For political science senior Steven Chapman, the hardest aspect of seeking public office came only after the ballots were cast.
The 22-year-old ran as a write-in candidate for the Tolleson Union High School District Governing Board, defeating his opponent by just 24 votes, 987-963. But he didn’t find out he won until last week, when the final votes were counted.
“Waiting was the most frustrating part of the election,” Chapman said.
Since the election required voters to write in the name of the candidates, a physical count of all ballots was conducted.
With a platform focused on implementing career-driven education in high school curriculum, Chapman was elected to a two-year term, filling the seat of a board member who recently resigned.
In his campaign efforts, Chapman said he focused on communicating with the community to figure out what issues concerned the voters. Meeting and interacting with people was really the most exciting aspect of running, he said.
“I got to meet people from different backgrounds and political ideologies,” Chapman said. “It was very liberating.”
Chapman gained a lot of respect as a young candidate and a college student, and he pushed his campaign until the very end.
“My sister and I stood outside the voting location on Nov. 2 and handed out many personalized cards that included my name, information and picture,” Chapman said. “I wanted to permeate who I am in the minds of all voters.”
His goal in office is to reconstruct the high school curriculum to provide students with skills needed for as they go onto college or start their careers.
“Not everyone can, will or wants to go to college,” Chapman said. “This program provides these students with options post-graduation.”
Specialty courses that target careers like nursing, engineering or aviation combined with general courses in math, science and English create a cooperative track toward graduation, Chapman said.
As a current college student, Chapman said he can relate to the struggles of college students, which occur inside and outside the classroom and are largely due to a lack of preparedness in high school.
College is not for everyone so having courses that are career driven would help those who do not plan to attend college but want work experience, history and political science junior Alex Norton said.

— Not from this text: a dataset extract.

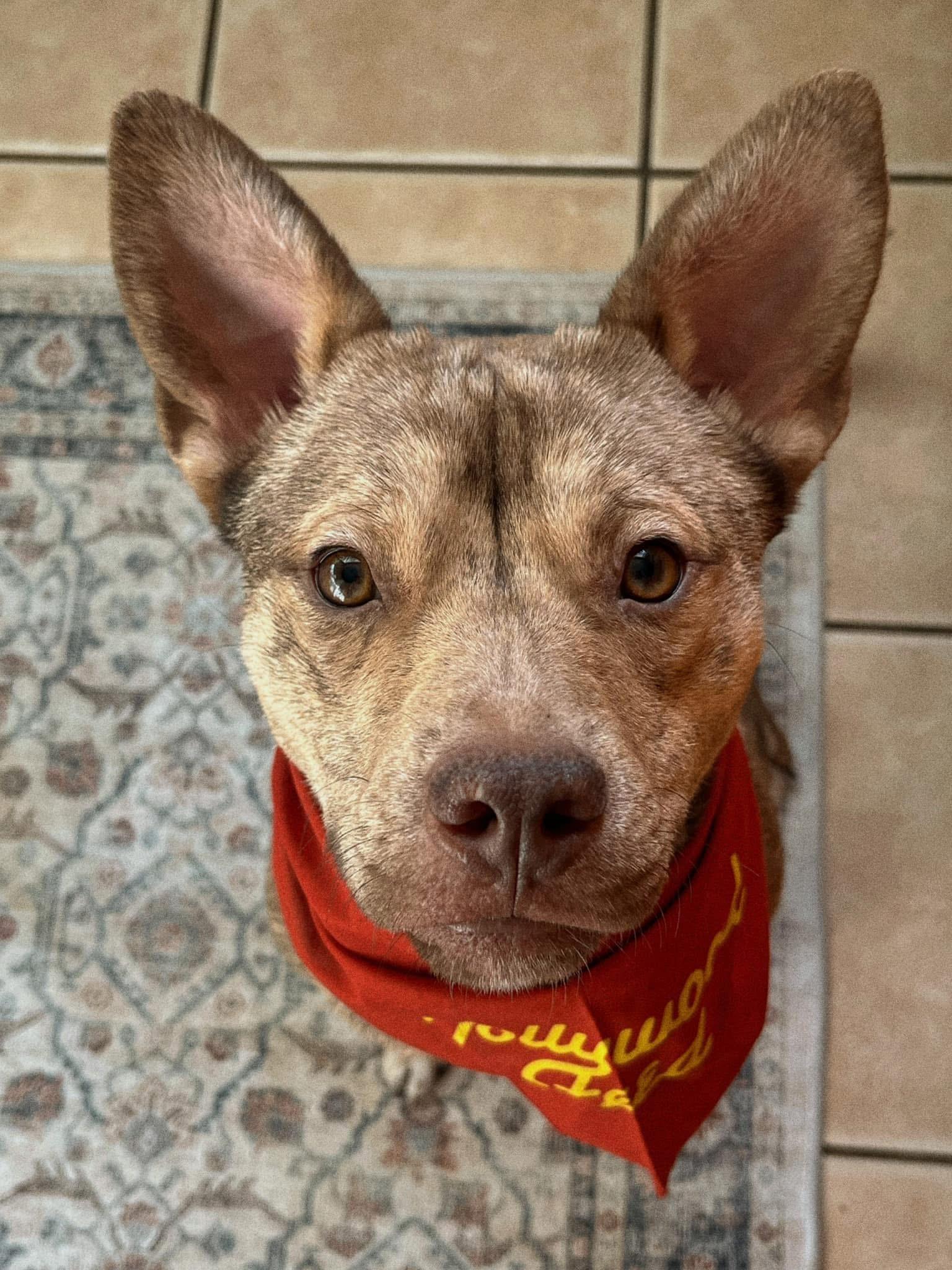 Enlarge Puck, a Adoptable mixed breed in Cincinnati, OH image 3/6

Oftentimes, students are rushed into college and do not make good use of it, he said.
“You aren’t involved very much in the classroom setting and you become detached from what you truly want to do,” Norton said.
Also, by taking courses in high school, a student is capable of making more solidified decisions once entering college, Norton said.

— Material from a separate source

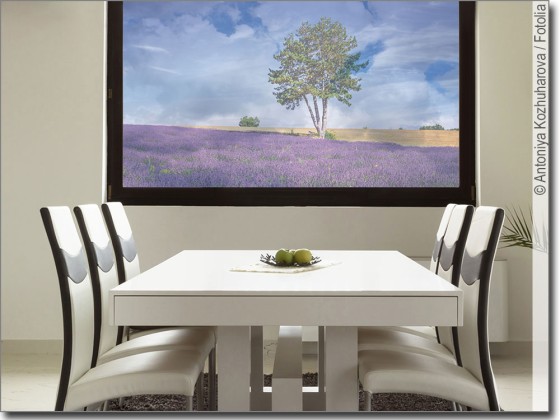 Preview: Lavendel Traum Preview: Lavendel Traum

Chapman said graduating from a high school within the district he is now governing gives him great insight on the experiences students have while attending school.
“I am really looking forward to representing the district and getting back to where I came from in order to better the school environment as well as the community,” Chapman said.
Although Chapman is the youngest member of five on the governing board, Chapman said he is excited to bring fresh ideas to the agenda and feels the members are open to his thoughts.
Local politics provides an appropriate stepping stone into politics and procedural work, said Paul Lewis, associate professor of political science.
“The local level is the minor leagues of politics,” Lewis said.
However, being a part of the political process on a smaller scale provides a greater opportunity to implement ideas and to see them through, he said.
Conversations with fellow board members have created a more comfortable and at-ease feeling going forth out of the election, Chapman said.
“One of the board members said they thought she was young when she was running in her early 30s,” he said. “I am 22 years old.”
Despite lack of experience, Chapman said his coursework in college will help him understand policy and procedure work as he takes on the position.
“I think this job will be a good learning experience going forward into my political career,” Chapman said.